I tried but failed to adequately explain Automata and Formal Grammar in the comments to this post by Will.
You can live a perfectly satisfactory life without understanding Automata Theory. I don’t completely understand it myself. But I’m a stubborn sort; I hate to fail, so I’m going to try again here, below the fold.
I’ll try to keep it as simple as I can, and use baseball as an example, since that’s something we all understand here. I’ll show how baseball is, by one definition, a language. If you still don’t get it after this, don’t worry, be happy.
Automata
An automaton is an abstract “machine”, which moves from one “state” to another “state”.

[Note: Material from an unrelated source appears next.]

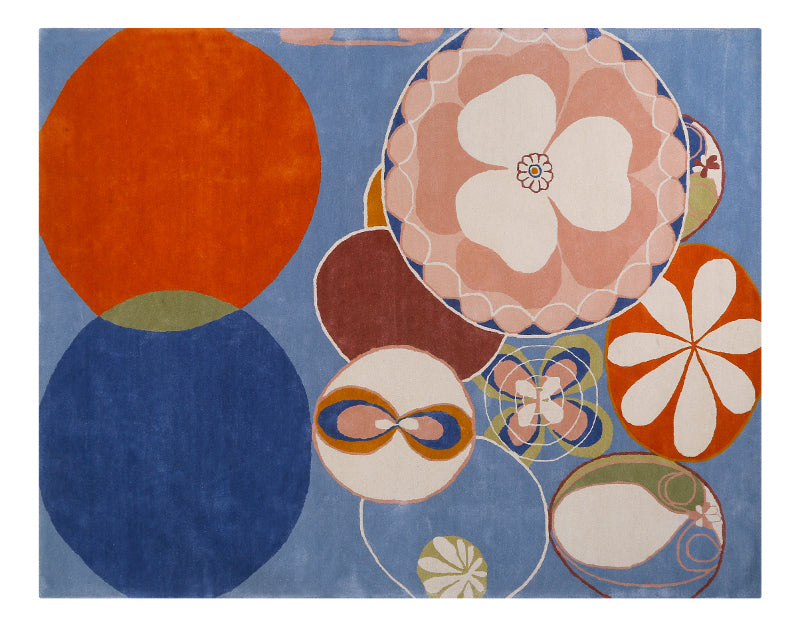 Ullmatta Artwork Hilma Af Klint Etol Ljus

The Base/Out situation in baseball is a kind of automaton. It has 24 possible states:
0 out, 0 on
0 out, runner on 1st
0 out, runner on 2nd
0 out, runner on 3rd
0 out, runners on 1st & 2nd
0 out, runners on 1st & 3rd
0 out, runners on 2nd & 3rd
0 out, bases loaded
1 out, 0 on
1 out, runner on 1st
1 out, runner on 2nd
1 out, runner on 3rd
1 out, runners on 1st & 2nd
1 out, runners on 1st & 3rd
1 out, runners on 2nd & 3rd
1 out, bases loaded
2 out, 0 on
2 out, runner on 1st
2 out, runner on 2nd
2 out, runner on 3rd
2 out, runners on 1st & 2nd
2 out, runners on 1st & 3rd
2 out, runners on 2nd & 3rd
2 out, bases loaded
When you start an inning, you begin in this state:
0 out, 0 on
One batter later, there are five possible states you could be in:
0 out, 0 on (batter homered)
0 out, runner on 1st
0 out, runner on 2nd
0 out, runner on 3rd
1 out, 0 on
So that’s a rule of this Base/Out automaton: from the “0 out, 0 on” state, you can only go to one of these five states.
You can’t immediately jump from “0 out, 0 on” to “2 out, bases loaded”. You have to go through intermediate states first.

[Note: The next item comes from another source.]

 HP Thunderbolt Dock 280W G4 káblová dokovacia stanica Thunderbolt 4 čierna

So you have state transition rules like this:
“0 out, 0 on” => “0 out, 0 on”
“0 out, 0 on” => “0 out, runner on 1st”
“0 out, 0 on” => “0 out, runner on 2nd”
“0 out, 0 on” => “0 out, runner on 3rd”
“0 out, 0 on” => “1 out, 0 on”
You do NOT have rules like this:
“0 out, 0 on” => “2 out, bases loaded”
Suppose you moved from the “0 out, 0 on” state to the “1 out, 0 on” state. From there, you can move on to the following states, and only these states:
1 out, 0 on (batter homered)
1 out, runner on 1st
1 out, runner on 2nd
1 out, runner on 3rd
2 out, 0 on
Chomsky’s linguistics innovation is to use automata theory for natural languages. Let’s explore that.

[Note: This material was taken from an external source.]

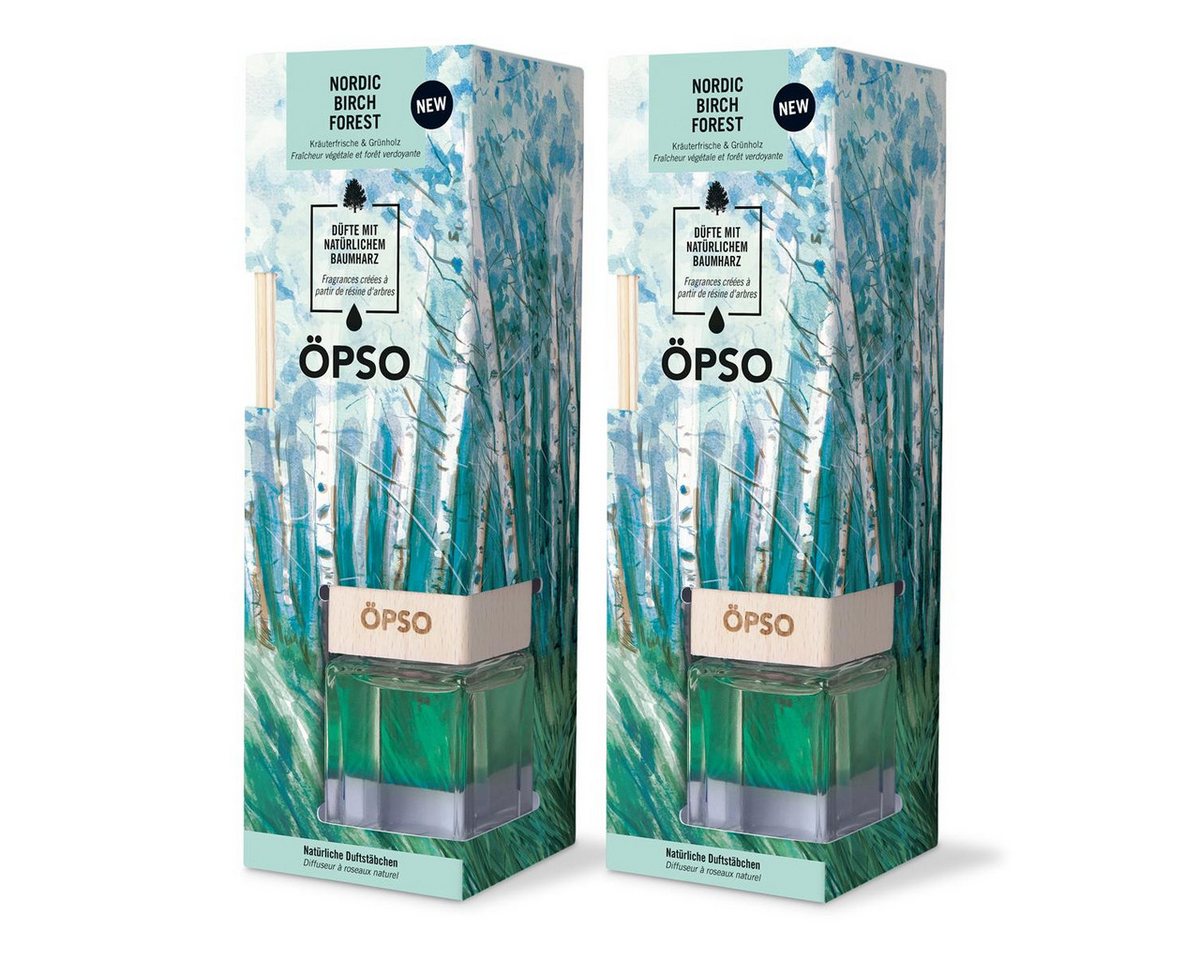 Öpso Raumduft Öpso Raumduft Nordic Birch Forest 50ml (2er Pack) von Öpso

Just like you started the inning in the “0 out, 0 on” state, you also begin your sentence in a certain state. Suppose you start a sentence with an article, like the word “The”. Let’s call that the “Article state.”
There are rules which govern what kind of “word state” can follow this “Article state”. Some examples:
You can say “The fox”.
You can say “The quick” (as in “the quick fox”)
You can’t say “The the” (music groups aside).
You can’t say “The jumped”
You can’t say “The quickly”
You can’t say “The of”
So English has state transition rules that look like this:
Article state => Noun state
Article state => Adjective state
But no rules like this:
Article state => Article state
Article state => Verb state
Article state => Adverb state
Article state => Preposition state
Just like you can’t directly go from “0 out, 0 on” to “2 out, bases loaded” in baseball, you can’t go directly from the “Article State” to a verb, adverb, preposition, or another article. You have follow it with either an adjective or a noun. From there, the “Adjective state” and the “Noun state” will have their own rules about what states can follow.
Formal grammars
Formal grammars are how scientists express rules for these automata. It’s usually written in a form like this:
S -> AB
which means that S (whatever S is) can be replaced with the sequence “A (whatever A is) followed by B (whatever B is)”.
Let’s look at an example:
NounPhrase -> Article Noun
This means we’ve defined a NounPhrase as an “Article” followed by a “Noun”. What’s an Article?
Article -> {the, a}
We’ve defined an “Article” as one of two words: “the” or “a”. What’s a Noun?
Noun -> {pig, dog, bat, base, pitcher, catcher}
We’ve defined “Noun” as one of these six words.
So with these three grammar rules, we can substitute to create 12 valid NounPhrases:
the pig
the dog
the bat
the base
the pitcher
the catcher
a pig
a dog
a bat
a base
a pitcher
a catcher
Now obviously, natural languages are much more complex than this, but these are the basic building blocks you use to describe any language.
Since you can describe baseball using such formal grammar, the game of baseball is, by this definition, a language. It’s no wonder writers love baseball so.